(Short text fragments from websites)
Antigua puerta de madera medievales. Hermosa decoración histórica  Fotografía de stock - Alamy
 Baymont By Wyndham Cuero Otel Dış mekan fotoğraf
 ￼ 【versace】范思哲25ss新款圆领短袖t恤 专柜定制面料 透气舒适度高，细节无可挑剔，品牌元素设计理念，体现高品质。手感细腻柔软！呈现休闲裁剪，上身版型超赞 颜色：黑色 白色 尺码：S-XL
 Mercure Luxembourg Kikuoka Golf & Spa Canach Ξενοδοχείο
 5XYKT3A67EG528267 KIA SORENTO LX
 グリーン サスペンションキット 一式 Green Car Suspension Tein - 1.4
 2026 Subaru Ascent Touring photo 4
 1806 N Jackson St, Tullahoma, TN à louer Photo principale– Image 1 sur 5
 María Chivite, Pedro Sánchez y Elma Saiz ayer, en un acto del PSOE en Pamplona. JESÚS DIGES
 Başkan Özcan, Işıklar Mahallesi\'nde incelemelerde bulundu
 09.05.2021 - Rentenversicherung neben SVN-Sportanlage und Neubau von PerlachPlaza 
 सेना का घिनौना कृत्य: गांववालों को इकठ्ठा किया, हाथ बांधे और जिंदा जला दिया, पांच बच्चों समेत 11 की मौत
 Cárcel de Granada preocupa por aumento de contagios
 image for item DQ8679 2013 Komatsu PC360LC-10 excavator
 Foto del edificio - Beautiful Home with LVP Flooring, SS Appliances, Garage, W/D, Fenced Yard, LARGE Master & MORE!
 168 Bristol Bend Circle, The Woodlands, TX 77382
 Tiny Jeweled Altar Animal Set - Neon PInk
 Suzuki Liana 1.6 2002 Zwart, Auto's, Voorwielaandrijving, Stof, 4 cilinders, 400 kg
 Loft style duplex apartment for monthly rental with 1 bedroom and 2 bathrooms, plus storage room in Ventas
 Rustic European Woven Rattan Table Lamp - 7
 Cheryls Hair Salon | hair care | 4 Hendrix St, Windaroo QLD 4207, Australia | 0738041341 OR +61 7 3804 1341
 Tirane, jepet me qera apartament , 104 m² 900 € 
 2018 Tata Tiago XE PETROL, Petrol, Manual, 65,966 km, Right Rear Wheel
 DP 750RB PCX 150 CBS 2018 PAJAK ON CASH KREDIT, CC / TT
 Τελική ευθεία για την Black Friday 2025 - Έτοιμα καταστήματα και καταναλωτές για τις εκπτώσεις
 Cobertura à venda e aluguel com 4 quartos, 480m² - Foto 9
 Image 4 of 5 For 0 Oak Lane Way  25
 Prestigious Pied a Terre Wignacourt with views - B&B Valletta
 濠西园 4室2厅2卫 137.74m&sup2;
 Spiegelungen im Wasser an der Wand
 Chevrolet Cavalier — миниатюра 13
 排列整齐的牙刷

◆ WHAT YOU ARE ASKED TO DO:
Whenever a line in the entries holds the word "with", copy that line.

◆ REPLY:
 Foto del edificio - Beautiful Home with LVP Flooring, SS Appliances, Garage, W/D, Fenced Yard, LARGE Master & MORE!
 Loft style duplex apartment for monthly rental with 1 bedroom and 2 bathrooms, plus storage room in Ventas
 Prestigious Pied a Terre Wignacourt with views - B&B Valletta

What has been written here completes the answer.